In the end, you only need a 150ct max humi to sit around and hold your sticks, unless 100 choices just isn't enough for you. The rest of your beloved cigars should sit somewhere safe and solid in a cooler. You don't need them ALL on display. Just keep refilling the humi from the cooler, and you'll always smoke great cigars from your gorgeous box.

And remember, quality is in the eye of the cigar-holder. A "cheap" humidor might not hold rock solid without some effort, but almost any box can work if you play your cards right. Spending a lot is mostly for those who want super eye-candy. While I would never turn down a Waxing Moon Humidor, I don't see myself ever putting out the money for one. The cheap ones look good enough in my opinion, just find something that you like the design of and that speaks to you. All other issues can be managed - but in the end, you need to be happy with what you buy.

Also note, the more you spend on the box, the less you have to spend on the items it is supposed to hold and protect.


----------



## DesertRat (Oct 20, 2013)

Awesome post Sean! Thanks!


----------



## rjwillow (Jan 15, 2014)

Overstock dot com surprisingly had some good deals on Cuban crafters humis. I ended up buying a 130-150 ct from their ebay account in order to get free shipping and use my ****** $$.
I currently run 5 humidors... I know it is not efficient. But I like humis better than plastic coolers. In the summer, I will put 4 of the humis into a yeti cooler in the basement. But until then, I like looking at and caring for the 5 of them.
I recently got a 5 vegas 100ct on cbid for dirt cheap. I am very impressed with the quality. I have it FULL of 5 vegas sticks as well... 
Have fun
rich


----------



## DesertRat (Oct 20, 2013)

Hey Guys,

So I decided to go with the coolidor after all. Ordered a 70 qt. Coleman Xtreme. Hopefully that will last me for a while.

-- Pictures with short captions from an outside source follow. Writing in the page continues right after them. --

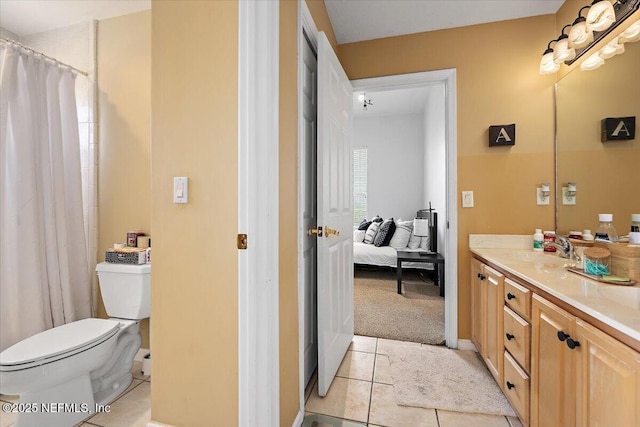 1161 Dover Dr, Fruit Cove, FL 32259 - photo 25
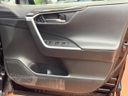 2020 Toyota RAV4 6BA-MXAA54 (UW-6aacad08b94a5)[18]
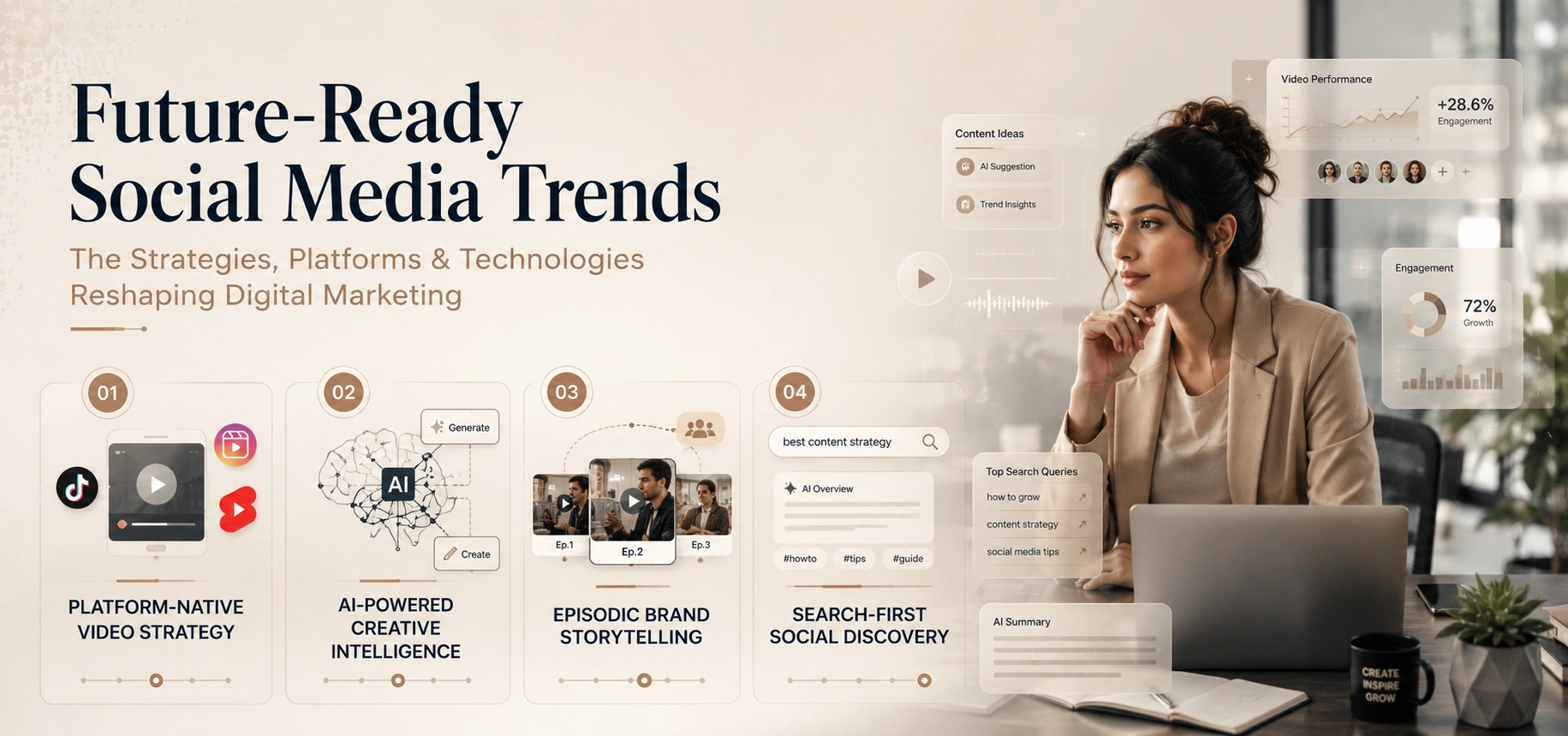 social-media-marketing-trends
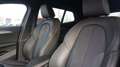 BMW X2 sDrive18d M Sport LED Navi Head-Up Alcantara Grau - thumbnail 29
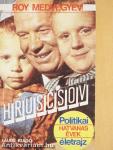 Hruscsov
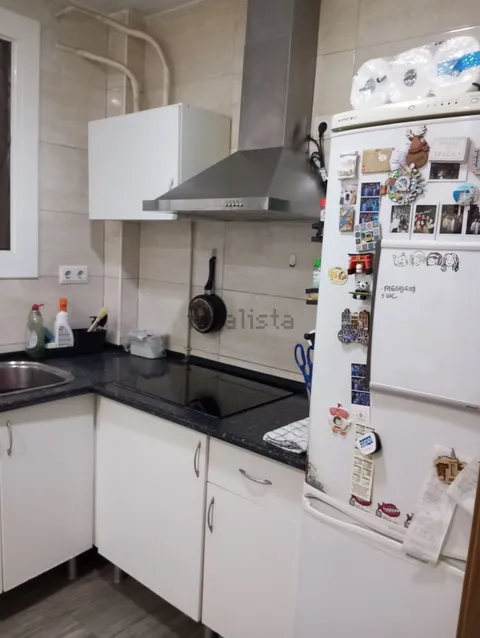 Habitación en alquiler, Barcelona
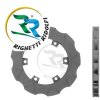 Bremsscheiben RR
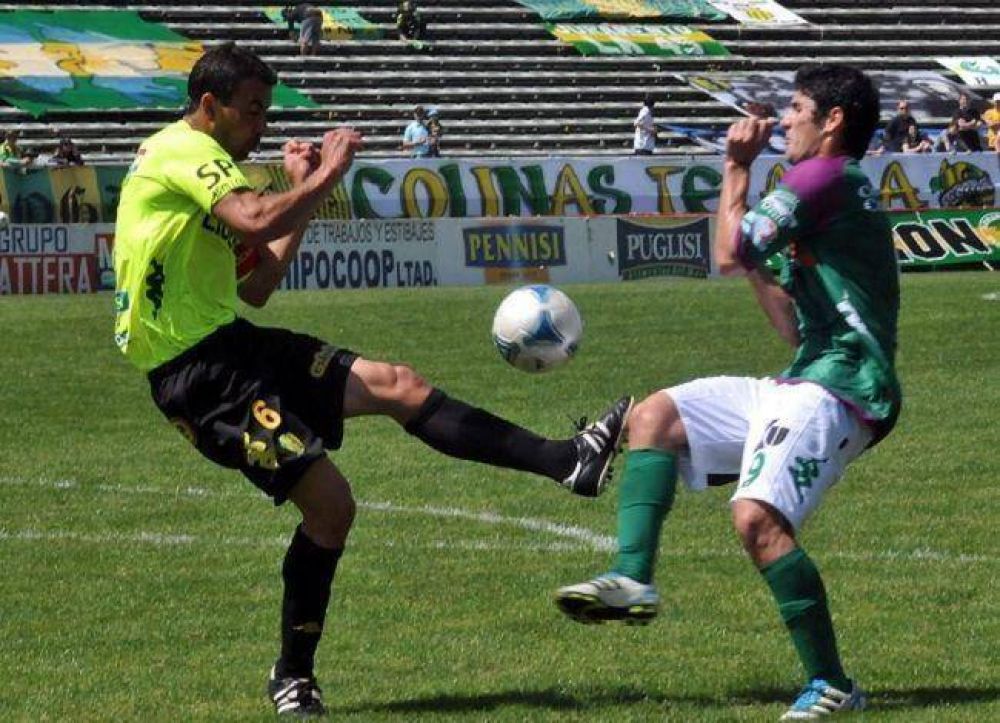 �Tenemos que replantearnos muchas cosas�
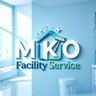 MKO Facility Service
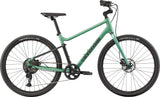 Cannondale Treadwell 2 (2026)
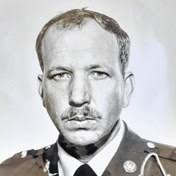 Deel Family Obituaries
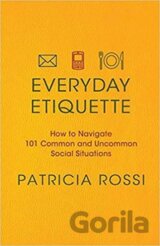 Everyday Etiquette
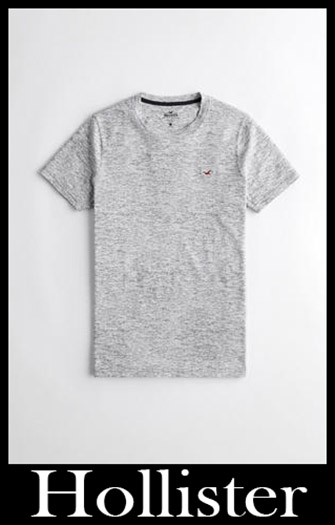 Hollister fashion 2020 new arrivals mens clothing 8 Hollister fashion 2020 new arrivals mens clothing 8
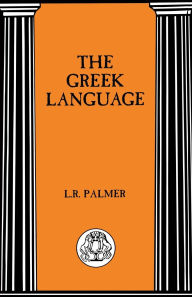 The Greek Language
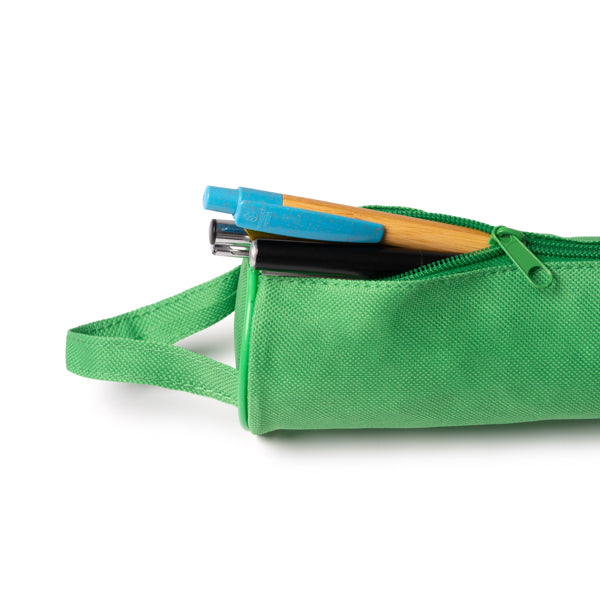 Pencil case SANGO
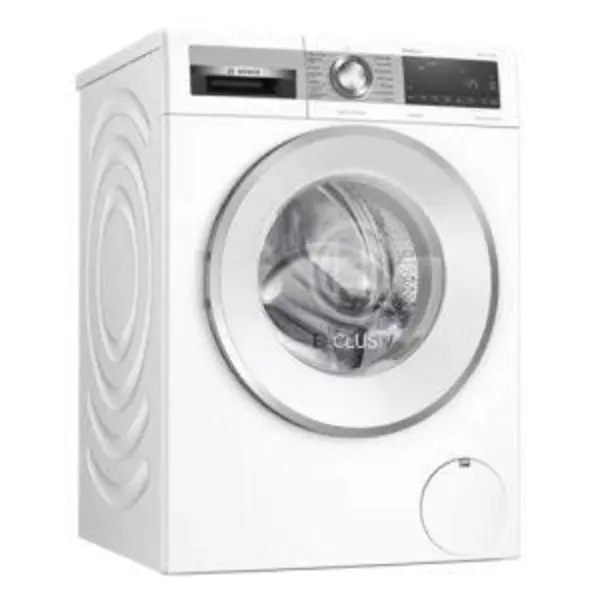 لباسشویی بوش مدل WGG244M90 - 3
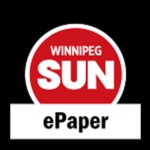Winnipeg Sun ePaper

Question: How many pounds of 65% humidity beads should I get to keep it stable?


----------



## Indy-hp (Feb 22, 2014)

HF says a half-pound of beads will humidify up to 2.5 cubic feet. 70 quarts is 2.34 cubic feet.


----------



## DesertRat (Oct 20, 2013)

Indy-hp said:


> HF says a half-pound of beads will humidify up to 2.5 cubic feet. 70 quarts is 2.34 cubic feet.


Ah! Thanks! Should have googled it but didn't realize that it was that direct of a conversion. High school math was a long time ago.


----------